▼

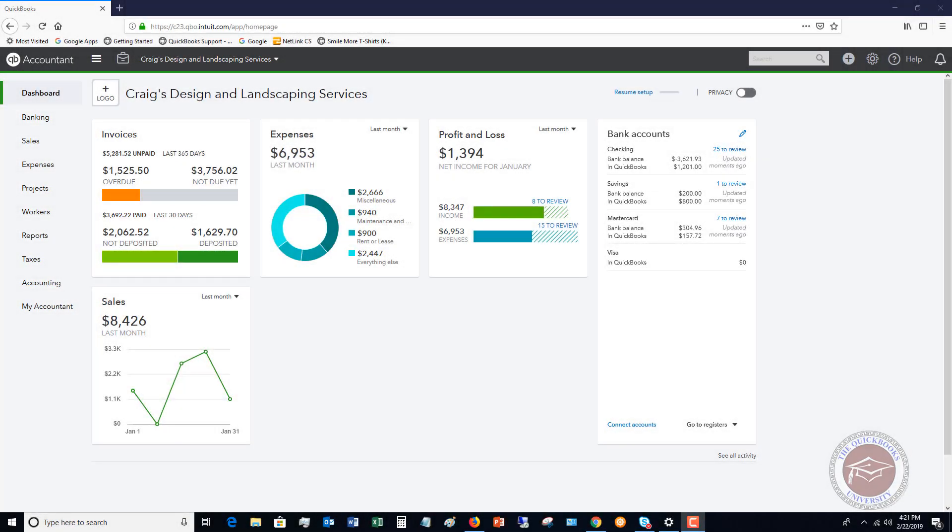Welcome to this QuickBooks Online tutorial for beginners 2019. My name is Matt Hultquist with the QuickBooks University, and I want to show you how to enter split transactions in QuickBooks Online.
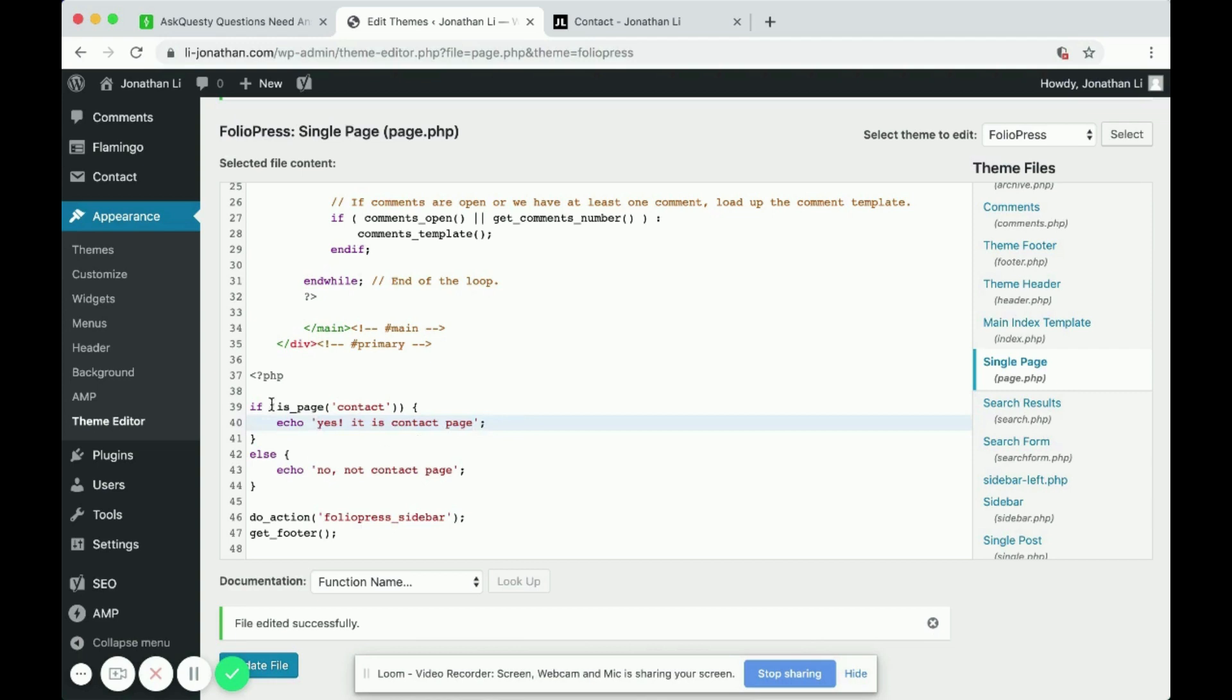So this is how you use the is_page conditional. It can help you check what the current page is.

▲
▼

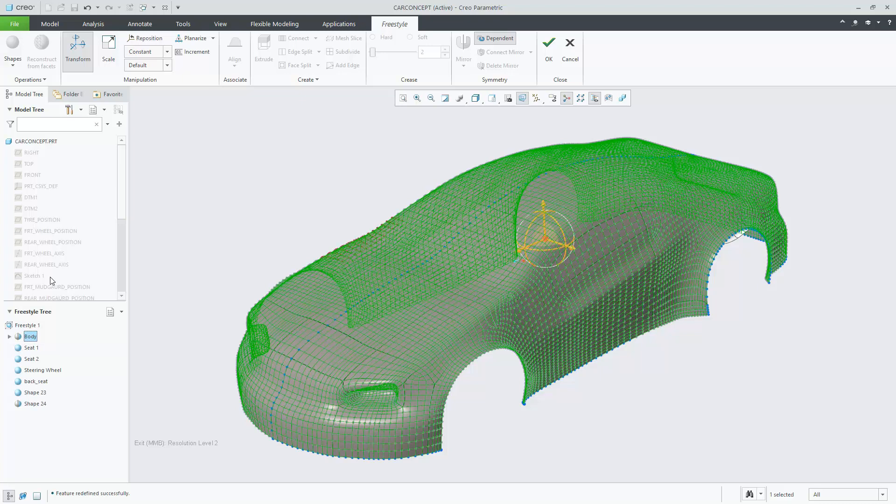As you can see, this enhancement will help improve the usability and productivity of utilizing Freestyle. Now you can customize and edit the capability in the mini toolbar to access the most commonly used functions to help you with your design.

▲
▼

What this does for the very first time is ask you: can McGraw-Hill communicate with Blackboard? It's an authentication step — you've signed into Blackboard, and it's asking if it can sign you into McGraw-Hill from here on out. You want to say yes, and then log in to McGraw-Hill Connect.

▲

WHAT THIS TASK INVOLVES: Using the listing above, restate exactly the range between the lines holding "Welcome to this" and "So this is how", inclusive, with pictures left out.

RESULT:
Welcome to this QuickBooks Online tutorial for beginners 2019. My name is Matt Hultquist with the QuickBooks University, and I want to show you how to enter split transactions in QuickBooks Online.
So this is how you use the is_page conditional. It can help you check what the current page is.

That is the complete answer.